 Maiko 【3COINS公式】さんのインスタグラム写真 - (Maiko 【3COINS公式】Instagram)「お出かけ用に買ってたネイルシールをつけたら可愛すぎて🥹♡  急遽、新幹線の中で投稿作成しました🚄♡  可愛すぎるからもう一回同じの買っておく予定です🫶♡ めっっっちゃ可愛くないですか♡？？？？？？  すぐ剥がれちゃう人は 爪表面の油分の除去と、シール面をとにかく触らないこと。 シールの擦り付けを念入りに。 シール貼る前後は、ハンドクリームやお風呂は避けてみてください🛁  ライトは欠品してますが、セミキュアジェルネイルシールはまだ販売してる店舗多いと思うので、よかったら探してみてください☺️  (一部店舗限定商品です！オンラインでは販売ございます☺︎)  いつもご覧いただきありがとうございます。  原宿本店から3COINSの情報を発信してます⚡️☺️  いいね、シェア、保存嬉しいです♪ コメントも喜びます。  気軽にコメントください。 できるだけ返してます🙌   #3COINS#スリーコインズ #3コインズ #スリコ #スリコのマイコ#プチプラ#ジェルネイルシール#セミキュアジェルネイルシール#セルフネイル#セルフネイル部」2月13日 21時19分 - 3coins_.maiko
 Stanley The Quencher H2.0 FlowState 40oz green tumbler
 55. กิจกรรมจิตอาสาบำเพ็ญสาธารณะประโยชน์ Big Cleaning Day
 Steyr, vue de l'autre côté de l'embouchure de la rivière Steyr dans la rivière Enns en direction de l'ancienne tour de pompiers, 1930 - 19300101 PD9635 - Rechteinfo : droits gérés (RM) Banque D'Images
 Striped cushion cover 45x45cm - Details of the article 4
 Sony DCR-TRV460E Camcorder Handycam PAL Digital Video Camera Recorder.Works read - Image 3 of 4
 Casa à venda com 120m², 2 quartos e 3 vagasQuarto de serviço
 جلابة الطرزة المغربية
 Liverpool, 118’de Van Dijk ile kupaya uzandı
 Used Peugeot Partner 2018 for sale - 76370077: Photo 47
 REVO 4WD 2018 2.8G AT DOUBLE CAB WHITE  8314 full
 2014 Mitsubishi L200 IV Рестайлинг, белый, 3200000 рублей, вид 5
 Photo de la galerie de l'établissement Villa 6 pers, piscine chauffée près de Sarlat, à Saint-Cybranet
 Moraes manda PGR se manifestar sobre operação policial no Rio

> _Task item_
Take every line from the listing above that includes the word "Photo" and copy it.

> _Reply_
 Used Peugeot Partner 2018 for sale - 76370077: Photo 47
 Photo de la galerie de l'établissement Villa 6 pers, piscine chauffée près de Sarlat, à Saint-Cybranet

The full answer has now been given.